### Required work
Each line that contains the word "post" is to be copied from the records below.
== == ==
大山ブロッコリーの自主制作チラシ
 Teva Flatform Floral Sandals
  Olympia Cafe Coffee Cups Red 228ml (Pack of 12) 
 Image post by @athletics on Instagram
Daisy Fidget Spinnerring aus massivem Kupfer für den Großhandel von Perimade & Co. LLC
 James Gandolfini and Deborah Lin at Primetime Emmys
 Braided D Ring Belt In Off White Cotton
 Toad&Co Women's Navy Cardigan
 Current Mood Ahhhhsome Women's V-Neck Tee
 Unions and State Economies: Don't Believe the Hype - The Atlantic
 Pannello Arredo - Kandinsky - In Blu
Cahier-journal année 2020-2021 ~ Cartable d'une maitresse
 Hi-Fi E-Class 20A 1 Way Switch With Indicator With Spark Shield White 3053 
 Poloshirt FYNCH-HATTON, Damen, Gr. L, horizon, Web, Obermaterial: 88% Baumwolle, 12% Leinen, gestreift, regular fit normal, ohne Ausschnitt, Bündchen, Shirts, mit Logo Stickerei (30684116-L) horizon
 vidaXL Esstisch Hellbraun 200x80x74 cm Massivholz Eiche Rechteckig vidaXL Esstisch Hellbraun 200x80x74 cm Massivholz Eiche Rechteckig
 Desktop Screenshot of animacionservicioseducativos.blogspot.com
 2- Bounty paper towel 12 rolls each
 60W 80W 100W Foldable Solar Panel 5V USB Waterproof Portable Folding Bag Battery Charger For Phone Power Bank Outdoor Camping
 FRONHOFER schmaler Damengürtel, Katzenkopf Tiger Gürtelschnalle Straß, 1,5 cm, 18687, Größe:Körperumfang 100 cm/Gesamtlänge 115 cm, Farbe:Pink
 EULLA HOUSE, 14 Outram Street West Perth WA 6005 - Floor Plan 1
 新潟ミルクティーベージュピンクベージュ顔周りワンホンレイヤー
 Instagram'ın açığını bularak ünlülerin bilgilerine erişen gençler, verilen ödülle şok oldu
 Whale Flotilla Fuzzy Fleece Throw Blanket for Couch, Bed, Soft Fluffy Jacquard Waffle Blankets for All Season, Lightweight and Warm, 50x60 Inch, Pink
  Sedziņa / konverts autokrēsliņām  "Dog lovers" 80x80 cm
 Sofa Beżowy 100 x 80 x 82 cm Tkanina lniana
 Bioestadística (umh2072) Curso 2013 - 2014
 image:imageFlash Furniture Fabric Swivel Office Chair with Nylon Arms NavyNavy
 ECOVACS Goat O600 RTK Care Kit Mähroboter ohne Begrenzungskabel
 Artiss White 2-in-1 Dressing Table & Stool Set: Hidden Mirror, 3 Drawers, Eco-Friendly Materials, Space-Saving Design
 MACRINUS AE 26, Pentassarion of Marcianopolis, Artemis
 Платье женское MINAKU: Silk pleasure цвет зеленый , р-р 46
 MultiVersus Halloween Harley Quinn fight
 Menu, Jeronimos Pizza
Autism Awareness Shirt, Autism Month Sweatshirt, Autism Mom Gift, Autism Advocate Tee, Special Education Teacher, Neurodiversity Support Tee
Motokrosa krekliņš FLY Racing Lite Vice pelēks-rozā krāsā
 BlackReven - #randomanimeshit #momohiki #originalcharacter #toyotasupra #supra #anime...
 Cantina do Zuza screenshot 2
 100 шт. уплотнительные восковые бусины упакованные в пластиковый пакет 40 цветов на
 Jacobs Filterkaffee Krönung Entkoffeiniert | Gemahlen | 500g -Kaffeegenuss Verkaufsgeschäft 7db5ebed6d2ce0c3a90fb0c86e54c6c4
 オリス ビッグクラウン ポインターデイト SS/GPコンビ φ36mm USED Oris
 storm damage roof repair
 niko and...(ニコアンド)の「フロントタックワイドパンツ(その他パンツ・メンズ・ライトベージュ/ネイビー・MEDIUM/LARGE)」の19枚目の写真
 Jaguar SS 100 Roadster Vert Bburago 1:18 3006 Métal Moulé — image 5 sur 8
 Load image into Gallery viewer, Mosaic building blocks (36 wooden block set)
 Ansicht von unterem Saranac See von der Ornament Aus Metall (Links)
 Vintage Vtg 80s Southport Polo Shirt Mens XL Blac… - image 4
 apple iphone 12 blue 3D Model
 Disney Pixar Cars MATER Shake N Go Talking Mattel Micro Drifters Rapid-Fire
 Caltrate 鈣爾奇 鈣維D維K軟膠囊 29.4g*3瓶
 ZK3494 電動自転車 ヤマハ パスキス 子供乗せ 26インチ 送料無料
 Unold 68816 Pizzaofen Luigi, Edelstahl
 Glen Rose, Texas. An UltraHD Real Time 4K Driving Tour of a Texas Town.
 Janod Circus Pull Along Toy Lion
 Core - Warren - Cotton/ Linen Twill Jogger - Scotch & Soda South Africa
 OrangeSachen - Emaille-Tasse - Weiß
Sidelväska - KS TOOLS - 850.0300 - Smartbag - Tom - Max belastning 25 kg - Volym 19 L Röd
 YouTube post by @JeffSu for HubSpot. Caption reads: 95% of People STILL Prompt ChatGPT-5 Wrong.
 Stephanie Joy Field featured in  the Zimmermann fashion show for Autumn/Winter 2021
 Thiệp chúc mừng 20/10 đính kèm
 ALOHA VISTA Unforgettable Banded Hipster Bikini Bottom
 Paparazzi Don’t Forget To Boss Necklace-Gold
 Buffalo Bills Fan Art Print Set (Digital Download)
== == ==
### Written response
 Image post by @athletics on Instagram
 YouTube post by @JeffSu for HubSpot. Caption reads: 95% of People STILL Prompt ChatGPT-5 Wrong.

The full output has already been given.